There have been thousands of ancient Roman burials excavated over the years – of which this is one, likely dating from the early imperial period of between about 25 BCE and 100 CE – and with that vast number comes a wide range of funerary practices and rites. But this grave stands out: the cremated remains were buried rather than retrieved to be placed in a secondary location; they were surrounded with grave goods including intentionally bent nails; and finally, they were sealed into the earth beneath a covering of brick and lime.
None of these practices would necessarily be unusual on their own – but together, they make the grave particularly unusual, the researchers write.
“Following cremation, we observe a series of atypical interventions,” the paper explains. “The deposition of nails appears to form a magical barrier surrounding the remains of the funeral pyre.

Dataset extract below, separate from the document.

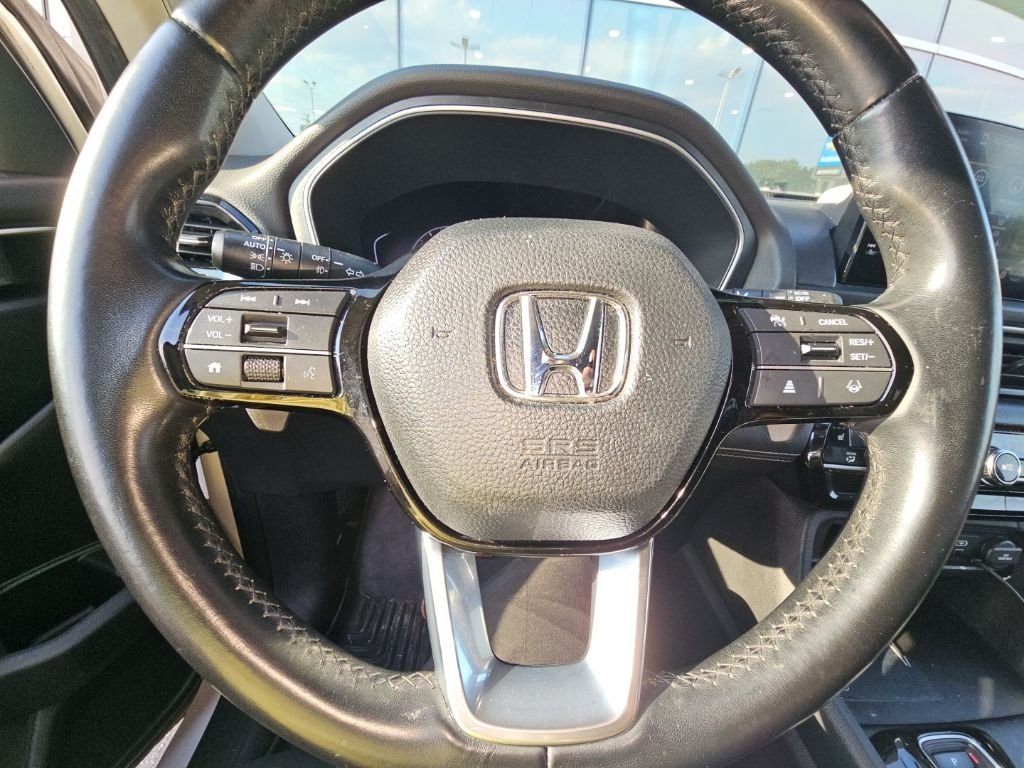 Used 2023 White Honda Touring image 17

The conversion of the pyre site in the burial place, and the use of a brick/lime covering are also unique among the funerary practices at Sagalassos.”
But why would this grave in particular have warranted such peculiar treatment? According to the researchers, it might be an ancient form of that most badass of occupations: vampire hunting.

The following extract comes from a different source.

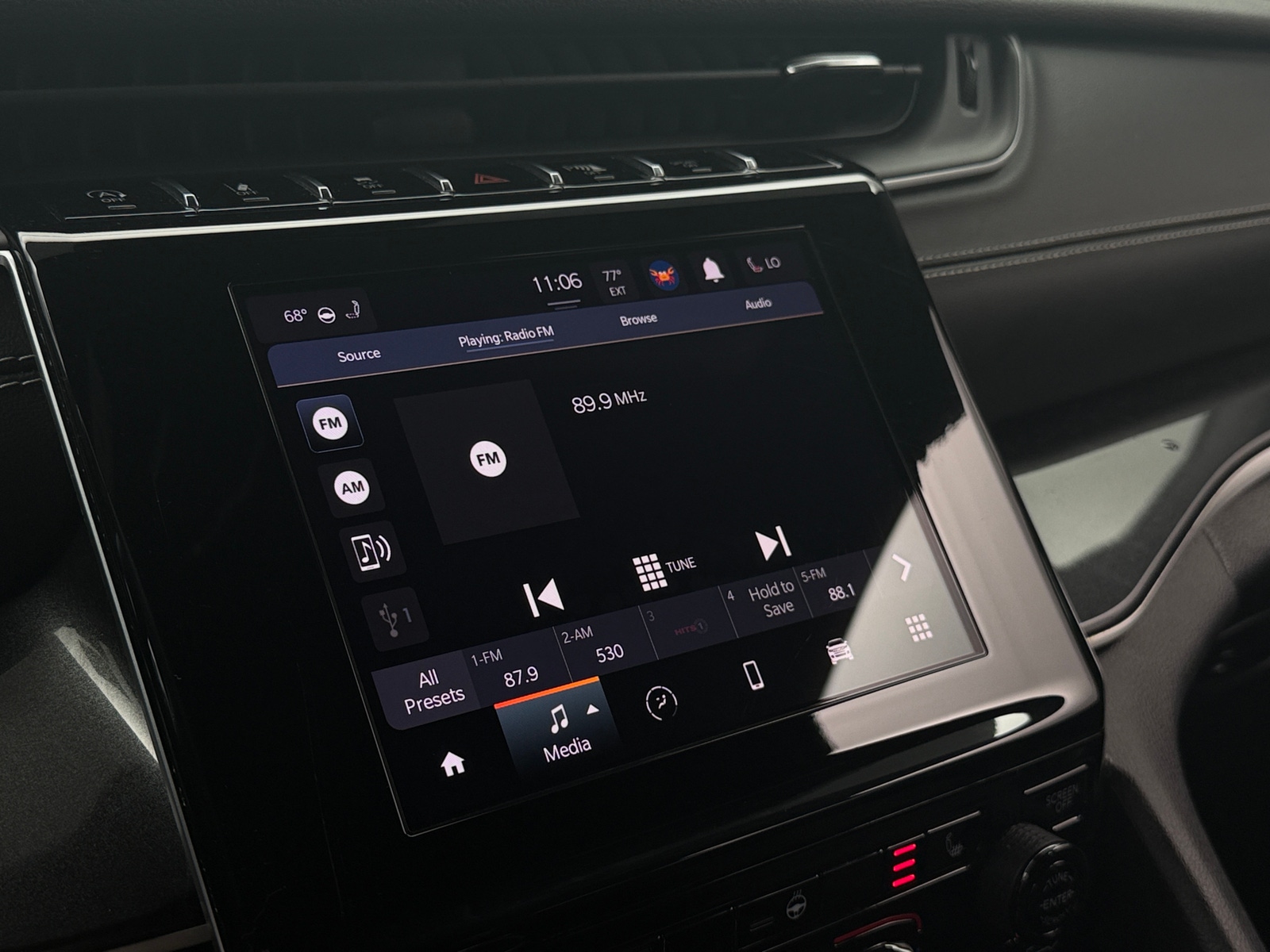 Thumbnail: 2021 Jeep Grand Cherokee L - 3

Well, kind of, at least. “The combination of nails and bricks designed to restrain the dead with the sealing effect of the lime strongly implies a fear of the restless dead,” they explain. “Regardless of whether the cause of death was traumatic, mysterious or potentially the result of a contagious illness or punishment, it appears to have left the dead intent on retaliation and the living fearful of the deceased's return.”
See, nails – whether real, imitation, or even bent and broken – were a common feature in ancient Roman graves, and usually for one of two reasons: either these functionally useless items were buried alongside the deceased to protect them in the afterlife – or else they were placed there to stop someone from coming back.
“These interpretations are not mutually exclusive,” the authors point out; “in both cases, nails are considered to possess the apotropaic power to protect the subject – be it the living, the dead, or both – from harm.”
And if you’re trying to keep the dead down, why stop at nails? Other excavations have found graves with heavy weights around the deceased, as well as curses to make “the earth rest heavily upon you”; still more have revealed graves in which the deceased has been decapitated, bound, or buried face down, all in an attempt to stop vengeful spirits from harming the living.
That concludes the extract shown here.